Data items:
--------------------
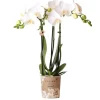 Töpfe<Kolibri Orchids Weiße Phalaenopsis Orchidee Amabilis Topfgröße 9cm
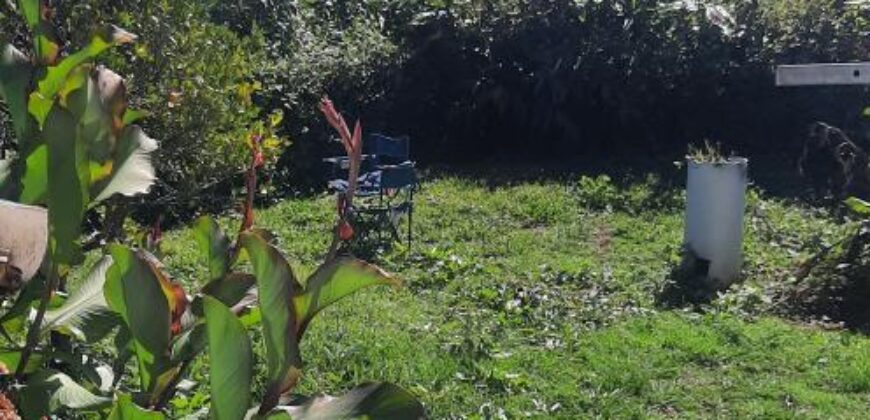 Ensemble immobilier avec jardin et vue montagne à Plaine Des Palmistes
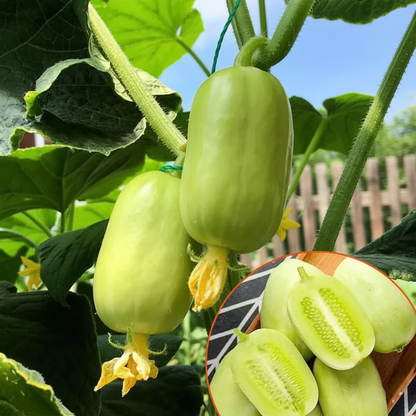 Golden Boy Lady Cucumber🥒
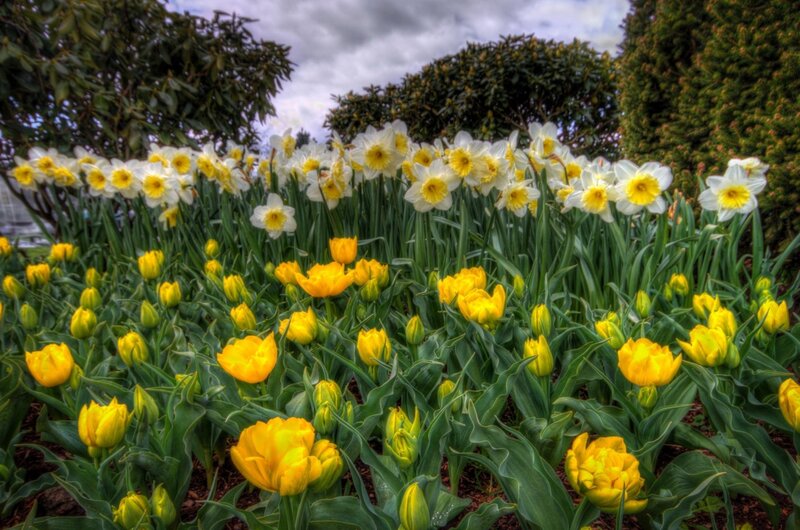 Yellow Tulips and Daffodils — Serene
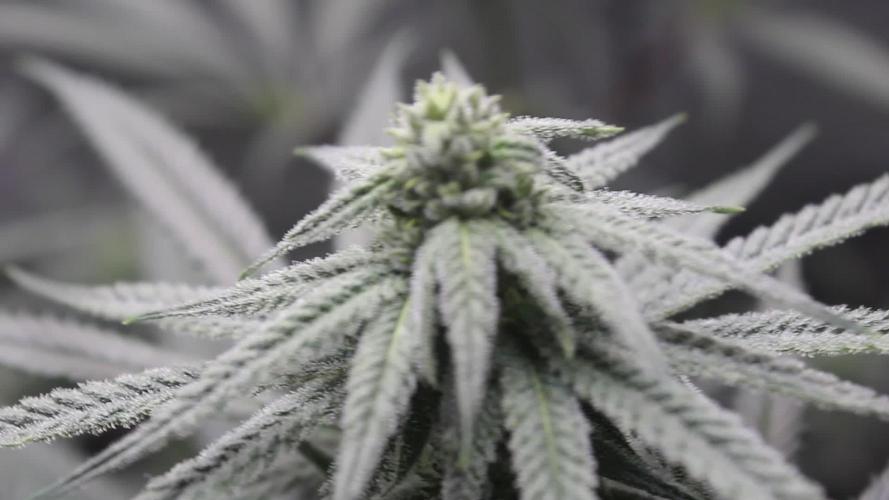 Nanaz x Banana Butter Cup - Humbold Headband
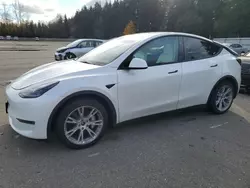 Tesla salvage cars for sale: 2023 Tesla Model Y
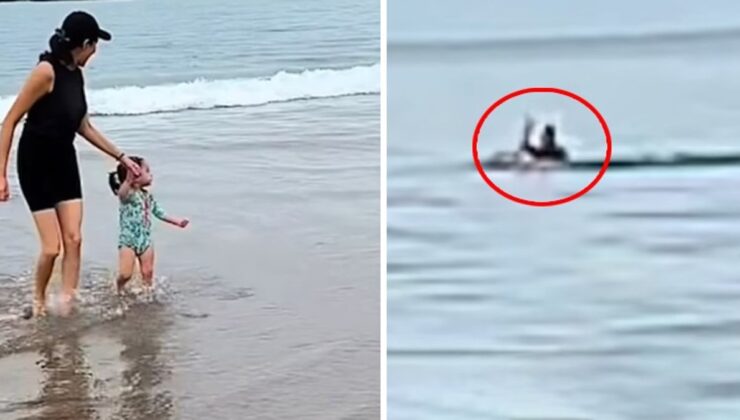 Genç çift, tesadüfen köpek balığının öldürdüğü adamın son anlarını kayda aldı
--------------------
### THE PROBLEM
Restate each entry word for word; omit the pictures.

### THE COMPLETED TASK
 Töpfe<Kolibri Orchids Weiße Phalaenopsis Orchidee Amabilis Topfgröße 9cm
 Ensemble immobilier avec jardin et vue montagne à Plaine Des Palmistes
 Golden Boy Lady Cucumber🥒
 Yellow Tulips and Daffodils — Serene
 Nanaz x Banana Butter Cup - Humbold Headband
 Tesla salvage cars for sale: 2023 Tesla Model Y
 Genç çift, tesadüfen köpek balığının öldürdüğü adamın son anlarını kayda aldı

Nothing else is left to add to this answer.